__Material for this exercise__.
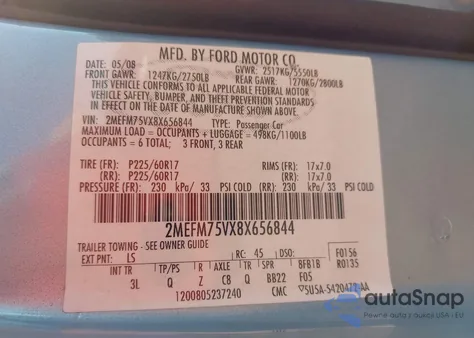 2008 Mercury Grand Marquis Ls z USA, uszkodzony, nr VIN 2MEFM75VX8X656844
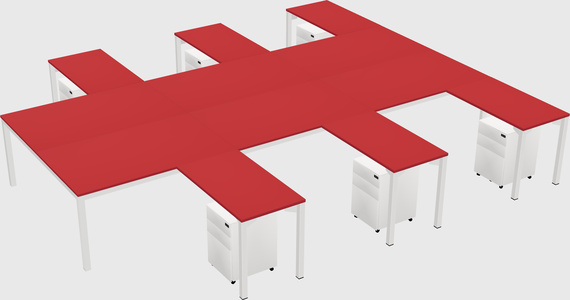Shared l-shaped desk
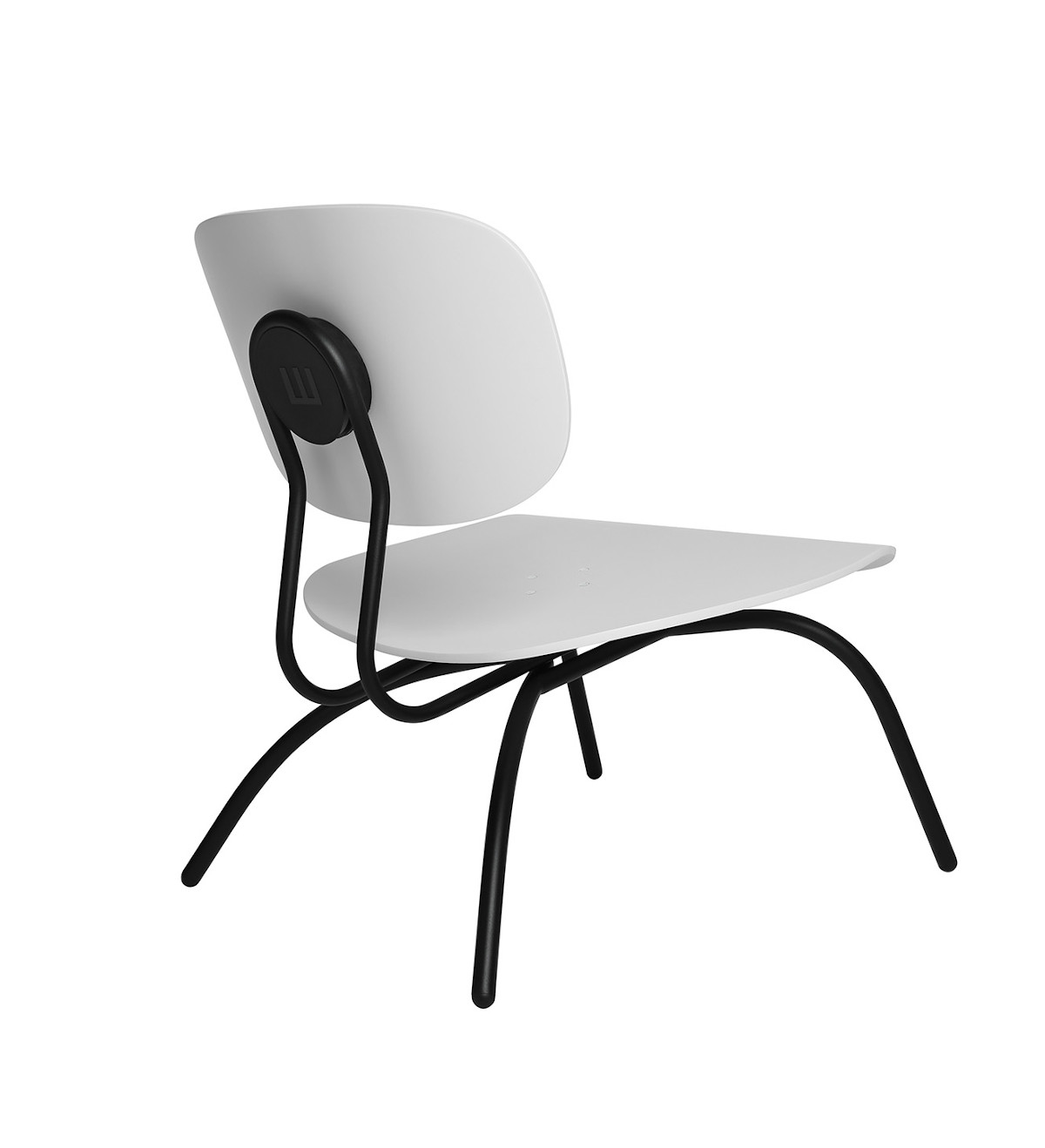 W-1970 Low Stuhl aus Buche, weiß lackiert, minimalistischer Designerstuhl, pflegeleicht und vielseitig einsetzbar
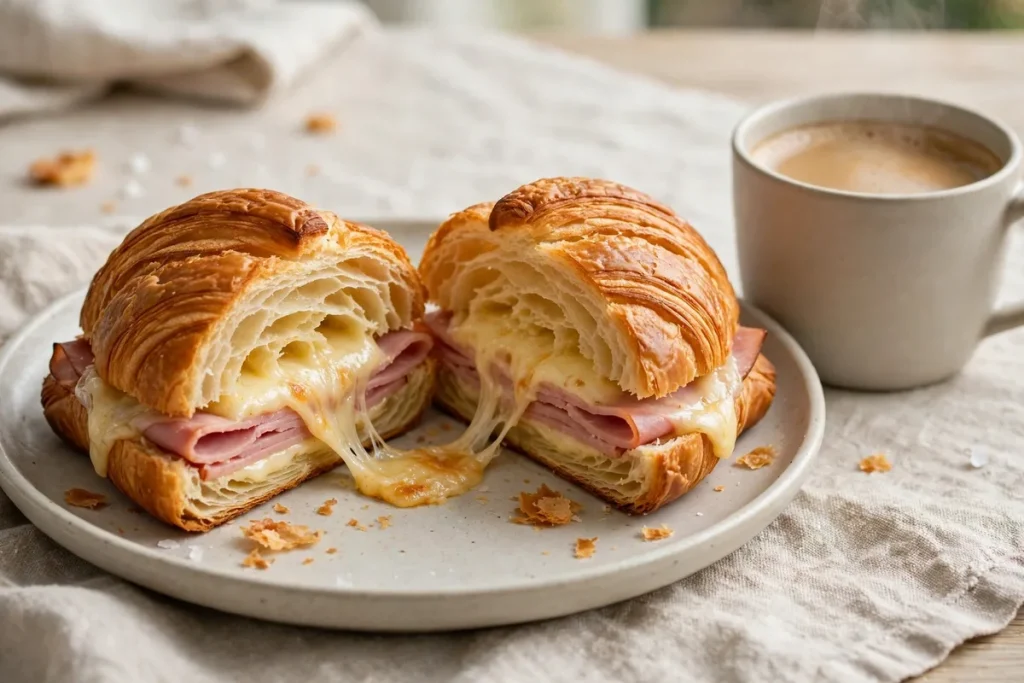 A ham and cheese croissant cut in half showing melted cheese and ham layers, with a cup of coffee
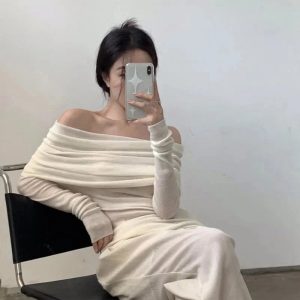 Ivory Y2K Off-Shoulder Wrap Top for Trendy Summer Outfits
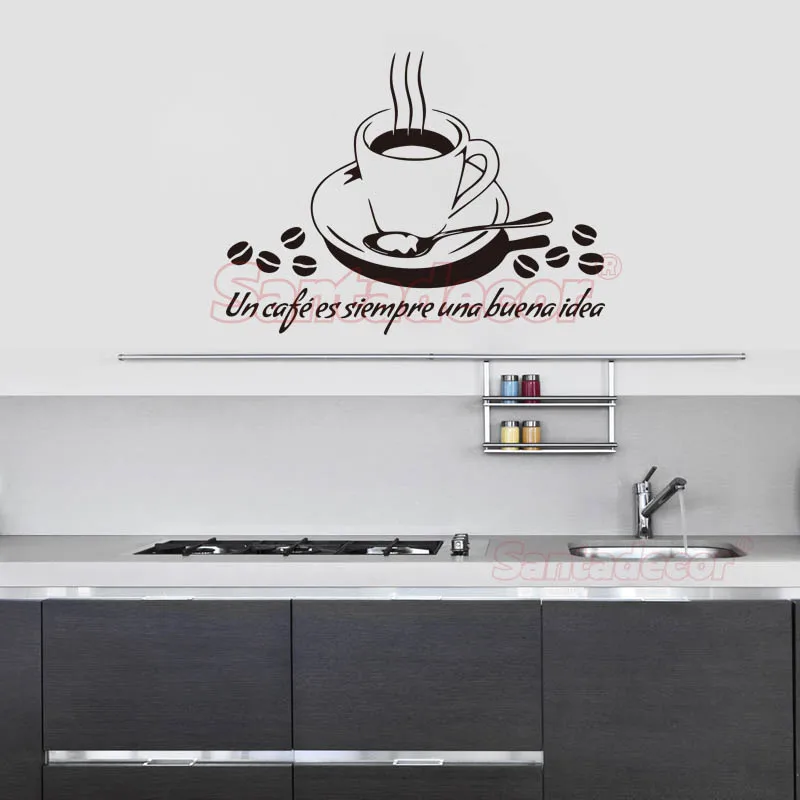 Stickers Muraux Un Cafe Es Siempre Una Buena Idea Vinyl Decals Wall Art Posters For Coffee Shop Home Decor House Decoration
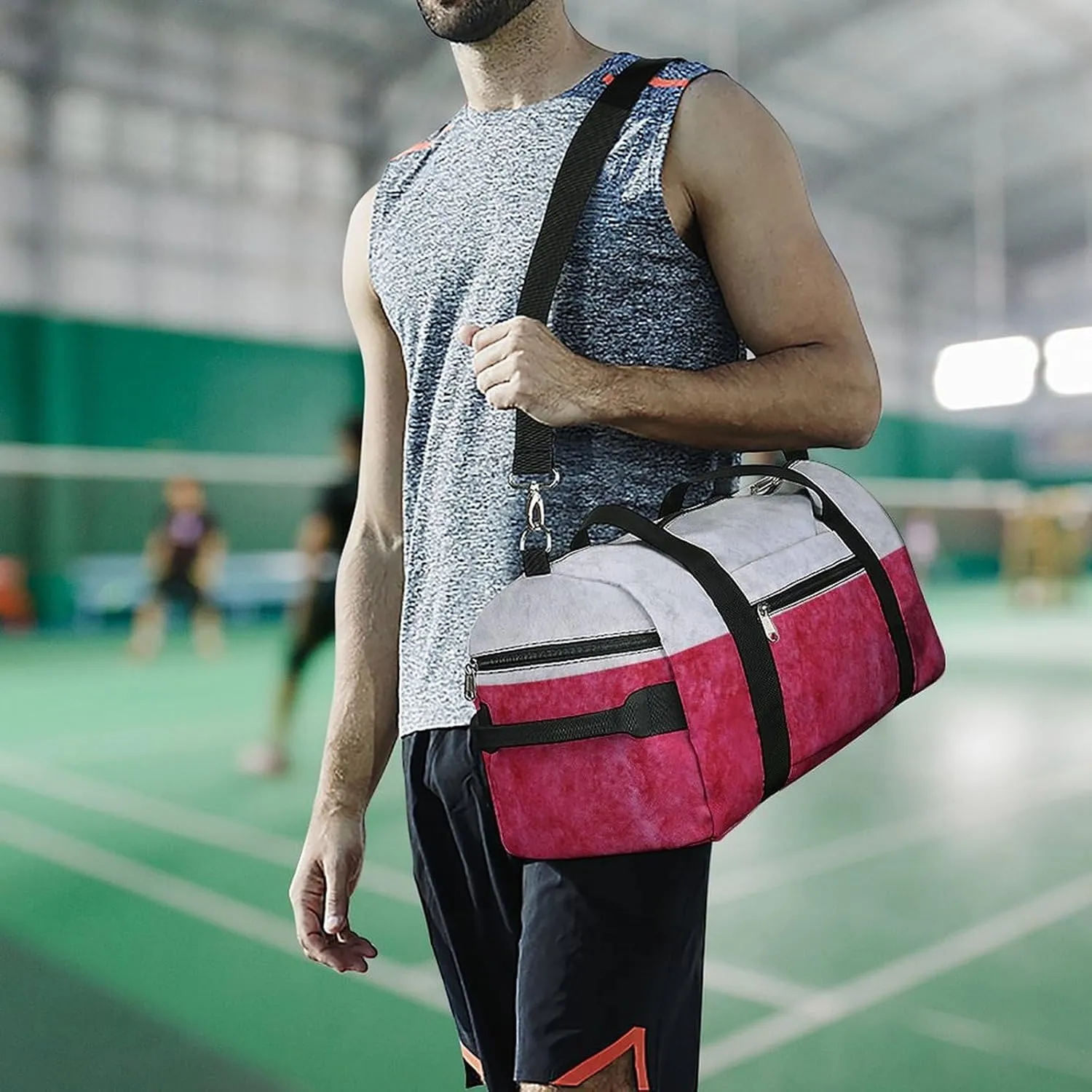 Travel Duffel Bag with Poland Flag Textured Shoe Compartment Waterproof Sports Gym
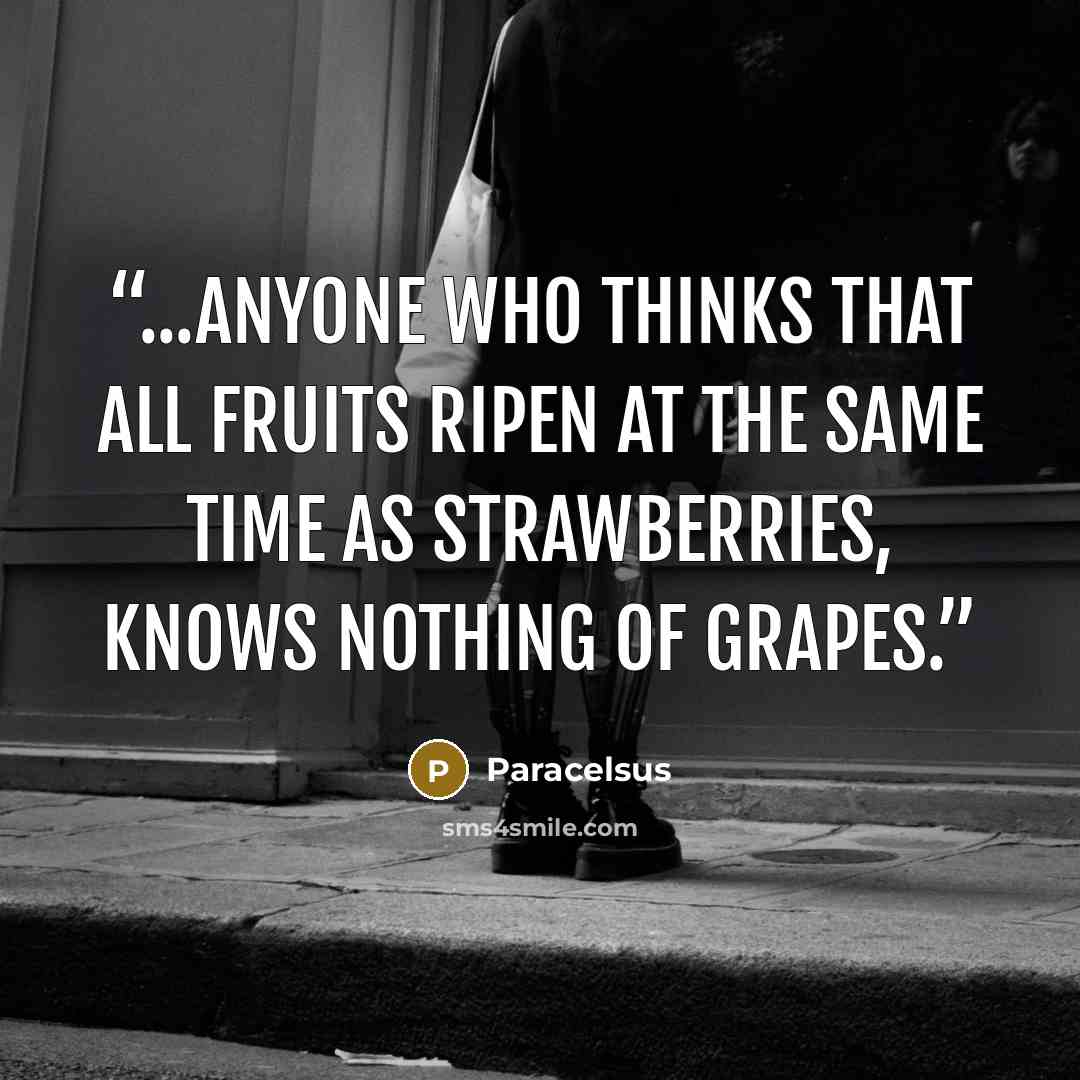 “...anyone who thinks that all fruits ripen at the same time as strawberries, knows nothing of grapes.” quote by Paracelsus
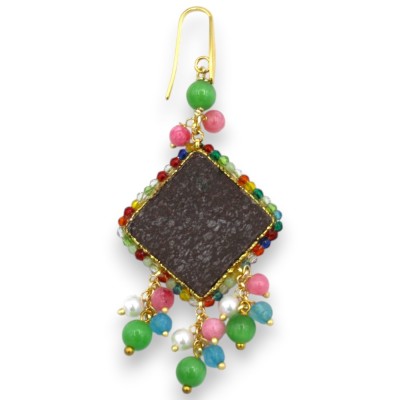 Pendientes de baldosas de piedra volcánica, con decoración floral, cristales naturales, ágata y perlas.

__The task__. In the listing above, find the line containing "Ivory Y2K Off-Shoulder" and the line containing "Travel Duffel Bag", then print exactly those two lines and every line between them, minus the pictures.

__Response below__.
 Ivory Y2K Off-Shoulder Wrap Top for Trendy Summer Outfits
 Stickers Muraux Un Cafe Es Siempre Una Buena Idea Vinyl Decals Wall Art Posters For Coffee Shop Home Decor House Decoration
 Travel Duffel Bag with Poland Flag Textured Shoe Compartment Waterproof Sports Gym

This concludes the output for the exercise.